Twiggy out of the woods
Andrew Forrest has once again beaten the system, the odds and the corporate cops — the Australian Securities and Investments Commission.
The High Court of Australia handed down a decision today that the iron ore billionaire had not misled his shareholders, didn't engage in deceptive conduct and didn't contravene continuous disclosure obligations or his directors' duties.
It was a comprehensive victory for Forrest and the now multi-billion dollar company he started 10 years ago from his livingroom in Perth.
The spectre of being banned from being a company director — the ignominy and the practical consequences that go with that — has now disappeared.
The allegations have dogged Forrest for six years since ASIC launched a legal action in the Federal Court in Western Australia saying statements made by Forrest were either wrong, or he should have known them to be so.
While the this trial hearing brought down a full-blooded judgment in favour of Forrest and Fortescue and a strongly critical assessment of ASIC's case, the regulator appealed the decision.
For ASIC, the precedent set by the West Australian decision was too far-reaching and its ramifications too important for continuous disclosure laws to be left without challenge.
The full Federal Court took a very different view and found in favour of ASIC.
Forrest couldn't let this decision sit. His reputation and his role as chairman of Fortescue and a number of other corporate and charity boards were in jeopardy.

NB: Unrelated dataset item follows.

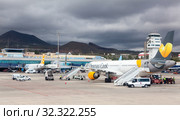 Aircraft by Thomas Cook is on aerodrome. Thomas Cook Airlines Ltd served leisure destinations worldwide. Sofia Reina, Canary, Tenerife (2016 год). Редакционное фото, фотограф Кекяляйнен Андрей / Фотобанк Лори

At the heart of the case was public and ASX statements made by Forrest and Fortescue in 2004 and 2005 that the company had entered into binding contracts with a number of Chinese state-owned entities to finance and build a series of infrastructure projects for Fortescue's then fledgling mining operations.
These agreements ultimately didn't proceed but the company found other means and parties to undertake the funding and build of its ports and railways.
In the intervening years since Forrest made these statements Fortescue has grown to be a large player in the international iron ore market and the day-to-day operations have been handed over to professional manager Nev Power.
But Forrest is never far from the action and took a lead role in a recent refinancing of the heavily geared company.
Meanwhile, corporate lawyers around Australia will be poring over the decision to access its wider ramifications around what information companies and directors can and cannot make public.